Nanoindentation shape effect: experiments, simulations and modelling

AFM nanoindentation is nowadays commonly used for the study of mechanical properties of materials at the nanoscale. The investigation of surface hardness of a material using AFM means that the probe has to be able to indent the surface, but also to image it. Usually standard indenters are not sharp enough to obtain high- resolution images, but on the other hand measuring the hardness behaviour of a material with a non- standard sharp indenter gives only comparative results affected by a significant deviation from the commonly used hardness scales.
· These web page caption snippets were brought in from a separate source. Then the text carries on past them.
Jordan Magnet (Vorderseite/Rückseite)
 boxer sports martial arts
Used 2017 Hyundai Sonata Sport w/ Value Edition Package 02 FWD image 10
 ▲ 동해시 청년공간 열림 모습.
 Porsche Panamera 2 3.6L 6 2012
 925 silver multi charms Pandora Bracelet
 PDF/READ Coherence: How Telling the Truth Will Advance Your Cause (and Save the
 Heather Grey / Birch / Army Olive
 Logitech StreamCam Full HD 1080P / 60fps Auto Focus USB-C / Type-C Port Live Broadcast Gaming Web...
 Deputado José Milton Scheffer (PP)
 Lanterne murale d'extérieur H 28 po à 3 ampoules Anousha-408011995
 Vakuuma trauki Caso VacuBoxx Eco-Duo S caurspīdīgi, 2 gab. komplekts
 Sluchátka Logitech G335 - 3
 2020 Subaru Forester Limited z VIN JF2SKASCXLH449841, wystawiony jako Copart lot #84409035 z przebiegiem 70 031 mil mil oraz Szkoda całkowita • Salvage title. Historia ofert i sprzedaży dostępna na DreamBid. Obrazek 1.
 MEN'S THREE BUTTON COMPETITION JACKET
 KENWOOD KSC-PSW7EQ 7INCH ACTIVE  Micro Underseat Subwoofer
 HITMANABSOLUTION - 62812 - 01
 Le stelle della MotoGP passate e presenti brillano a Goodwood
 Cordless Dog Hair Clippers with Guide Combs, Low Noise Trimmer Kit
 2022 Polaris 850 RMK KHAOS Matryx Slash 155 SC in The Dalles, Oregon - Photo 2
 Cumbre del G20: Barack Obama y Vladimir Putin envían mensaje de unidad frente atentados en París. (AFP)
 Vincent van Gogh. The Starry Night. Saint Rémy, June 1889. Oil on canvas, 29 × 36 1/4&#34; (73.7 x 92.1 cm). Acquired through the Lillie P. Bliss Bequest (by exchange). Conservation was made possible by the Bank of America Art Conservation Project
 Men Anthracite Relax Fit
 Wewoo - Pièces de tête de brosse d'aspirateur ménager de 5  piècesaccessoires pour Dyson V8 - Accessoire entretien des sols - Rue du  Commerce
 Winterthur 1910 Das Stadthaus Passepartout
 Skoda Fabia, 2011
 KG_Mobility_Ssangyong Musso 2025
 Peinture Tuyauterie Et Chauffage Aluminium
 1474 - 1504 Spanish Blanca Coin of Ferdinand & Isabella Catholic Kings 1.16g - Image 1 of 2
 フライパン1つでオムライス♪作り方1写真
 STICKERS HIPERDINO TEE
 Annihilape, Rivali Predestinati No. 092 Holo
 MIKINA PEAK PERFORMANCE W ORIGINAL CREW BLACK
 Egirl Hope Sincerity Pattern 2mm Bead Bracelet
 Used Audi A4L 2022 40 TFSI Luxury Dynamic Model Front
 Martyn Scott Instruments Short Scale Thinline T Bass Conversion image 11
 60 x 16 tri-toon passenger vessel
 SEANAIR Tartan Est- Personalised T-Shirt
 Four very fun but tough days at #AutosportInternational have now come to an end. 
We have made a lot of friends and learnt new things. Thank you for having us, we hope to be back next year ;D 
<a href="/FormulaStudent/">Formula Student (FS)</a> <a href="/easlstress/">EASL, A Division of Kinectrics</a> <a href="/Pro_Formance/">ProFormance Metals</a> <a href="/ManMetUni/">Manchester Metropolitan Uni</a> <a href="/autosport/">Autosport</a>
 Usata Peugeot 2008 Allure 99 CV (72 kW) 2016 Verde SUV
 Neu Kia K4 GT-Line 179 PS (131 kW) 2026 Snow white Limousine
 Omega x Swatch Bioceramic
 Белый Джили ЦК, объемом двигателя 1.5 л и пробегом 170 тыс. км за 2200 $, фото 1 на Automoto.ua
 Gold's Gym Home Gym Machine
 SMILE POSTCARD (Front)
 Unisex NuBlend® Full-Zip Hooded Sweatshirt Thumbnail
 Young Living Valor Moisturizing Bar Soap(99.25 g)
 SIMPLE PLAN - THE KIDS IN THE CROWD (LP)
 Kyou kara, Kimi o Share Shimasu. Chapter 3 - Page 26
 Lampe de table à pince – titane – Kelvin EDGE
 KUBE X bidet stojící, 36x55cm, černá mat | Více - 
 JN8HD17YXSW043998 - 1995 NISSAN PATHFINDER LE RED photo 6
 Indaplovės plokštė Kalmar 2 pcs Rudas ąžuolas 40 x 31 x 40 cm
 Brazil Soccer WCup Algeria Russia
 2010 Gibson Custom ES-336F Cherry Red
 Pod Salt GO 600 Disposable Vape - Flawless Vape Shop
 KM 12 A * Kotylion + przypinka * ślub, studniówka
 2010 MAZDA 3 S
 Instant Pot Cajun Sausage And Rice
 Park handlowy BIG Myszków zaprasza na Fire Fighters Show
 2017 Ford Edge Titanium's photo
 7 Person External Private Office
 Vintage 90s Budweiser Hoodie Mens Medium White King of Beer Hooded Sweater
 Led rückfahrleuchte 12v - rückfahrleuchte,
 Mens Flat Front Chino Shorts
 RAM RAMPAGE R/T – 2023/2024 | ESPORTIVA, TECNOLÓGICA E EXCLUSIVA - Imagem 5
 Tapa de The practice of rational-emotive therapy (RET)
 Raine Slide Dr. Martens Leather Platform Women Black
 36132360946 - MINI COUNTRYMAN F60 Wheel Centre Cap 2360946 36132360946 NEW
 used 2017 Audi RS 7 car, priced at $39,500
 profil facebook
In this paper we try to understand how the shape of the indenter affects the hardness measurement, in order to find a relationship between the measured hardness of a material and the corner angle of a pyramidal indenter. To achieve this we performed a full experimental campaign, indenting the same material with three focused ion beam ( FIB) nanofabricated probes with a highly altered corner angle. We then compared the results obtained experimentally with those obtained by numerical simulations, using the finite element method ( FEM), and by theoretical models, using a general scaling law for nanoindentation available for indenters with a variable size and shape. The comparison between these three approaches ( experimental, numerical and theoretical approaches) reveals a good agreement and allowed us to find a theoretical relationship which links the measured hardness value with the shape of the indenter. The same theoretical approach has also been used to fit the hardness experimental results considering the indentation size effect. In this case we compare the measured data, changing the applied load.